Tuesday, April 13, 2010

The Currency of Democracy

Today, April 13, is Thomas Jefferson's birthday. Jefferson was the third president of the United States and principal author of the Declaration of Independence.

He was also a passionate supporter of education and learning.

A lifelong reader and bibliophile, Thomas Jefferson assembled three different book collections in his lifetime. After the Library of Congress was almost totally destroyed in the War of 1812, Jefferson's personal library become the core of the new collection. Jefferson understood the necessity of having information available for researching inquiries made by members of Congress.

But Jefferson was much more than a bookish scholar.
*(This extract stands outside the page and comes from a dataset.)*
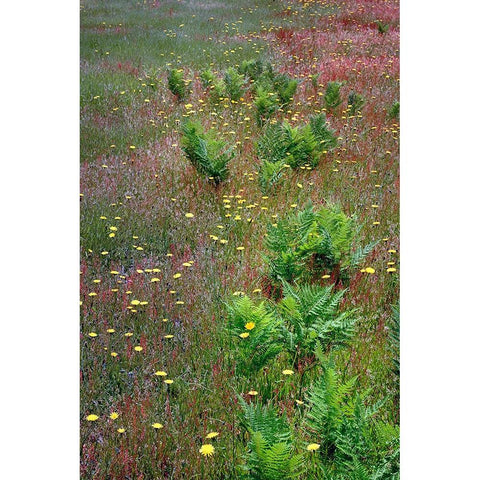 Mixture of flowers-ferns and grasses-Dolason Prairie-Redwood National Park-California Gold Ornate Wood Framed Art Print with Double Matting by Jones, Adam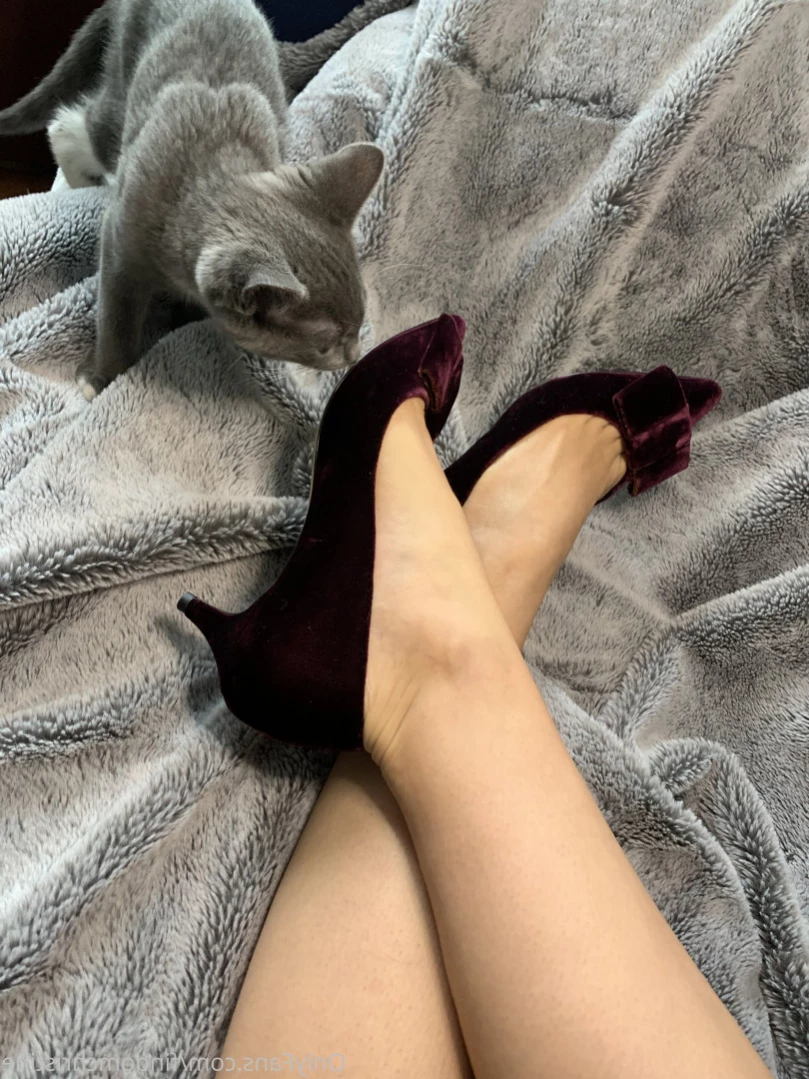 Goddess Christine [ findomchristine ] Onlyfans leaked photo 12818361 on Hotleaks.tv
His interests included horticulture, architecture, philosophy, archaeology and paleontology. He was instrumental in securing funding for the Lewis and Clark expedition and included artifacts from that journey in a museum located at Monticello. Jefferson invented improved versions of the plow and dumbwaiter, and came up with an original design for a macaroni machine (and the recipe for macaroni and cheese!).

Other innovations credited to his curious and fertile mind include the rollaway bed, a revolving bookstand, and the wheel cipher. Had he lived in our time, I'm sure that he would have reveled in digital technology, with all the opportunities for exploring and creating that it offers.

Jefferson is famous for declaring, "I cannot live without books!" He cautioned that “To penetrate and dissipate these clouds of darkness, the general mind must be strengthened by education”

I believe that Mr. Jefferson would have been a strong advocate for schools and libraries in this time of fiscal crisis. He understood that government should take care to "educate and inform the whole mass of the people...They are the only sure reliance for the preservation of our liberty."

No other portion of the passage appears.